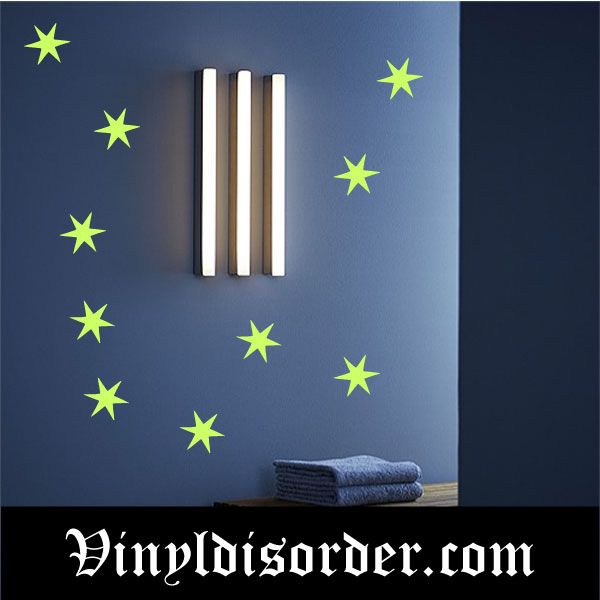 Six-pointed glow-in-the-dark star decal with scattered green stars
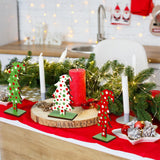 Meooeck 3 Pcs Green Tabletop Christmas Tree Christmas Tabletop Decor Bendable Wood Christmas Tree Decor Standing Wooden Trees with Rectangular Base for Home Office Meooeck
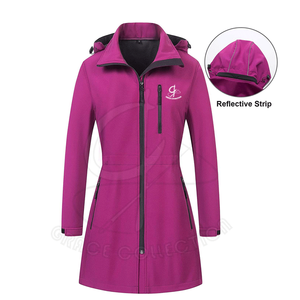 แจ็กเก็ตเสื้อโค้ทยาวมีฮู้ดของผู้หญิง Grace Collection 100% ผ้าโพลีเอสเตอร์หนังแกะตกแต่งจดหมาย - Product Image 1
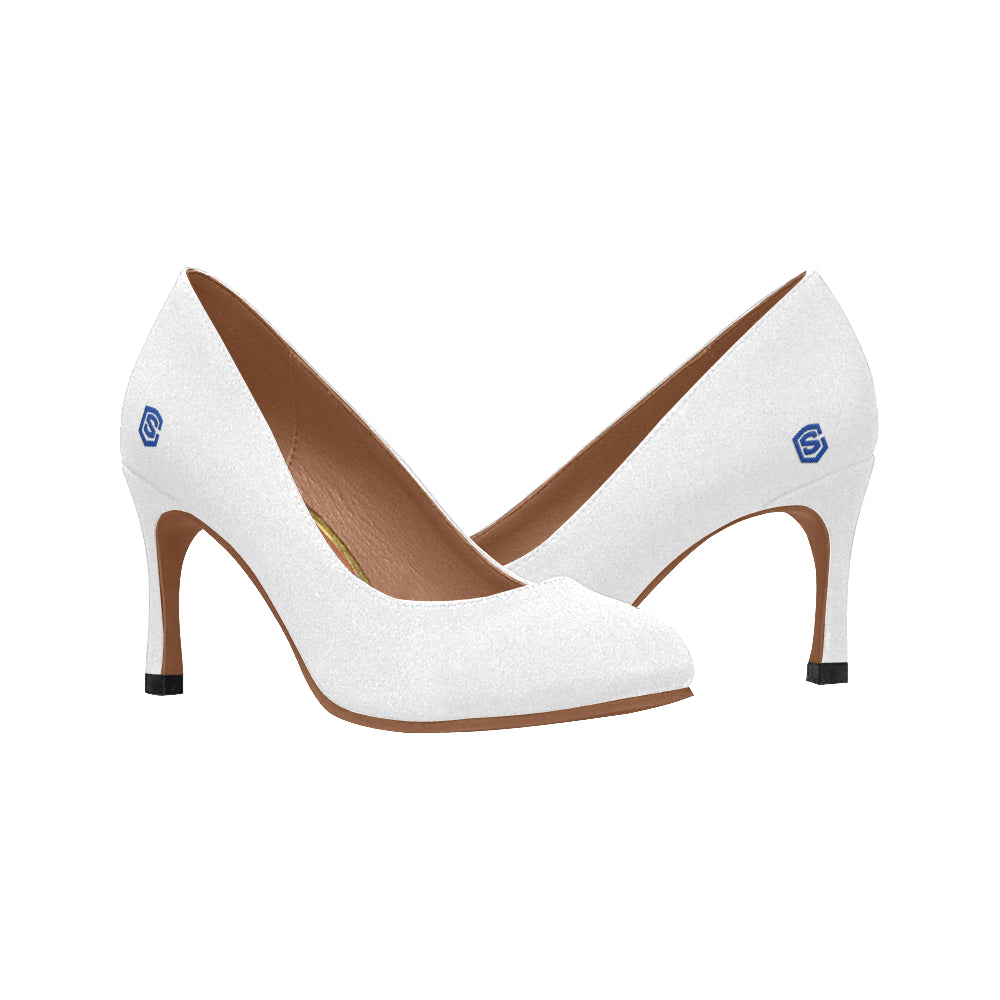 WHITE Women's High Heels blue logo Women's High Heels (Model 048)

Goal of the exercise: The material above must be printed exactly, with its pictures left out.

Solution:
 Six-pointed glow-in-the-dark star decal with scattered green stars
 Meooeck 3 Pcs Green Tabletop Christmas Tree Christmas Tabletop Decor Bendable Wood Christmas Tree Decor Standing Wooden Trees with Rectangular Base for Home Office Meooeck
 แจ็กเก็ตเสื้อโค้ทยาวมีฮู้ดของผู้หญิง Grace Collection 100% ผ้าโพลีเอสเตอร์หนังแกะตกแต่งจดหมาย - Product Image 1
 WHITE Women's High Heels blue logo Women's High Heels (Model 048)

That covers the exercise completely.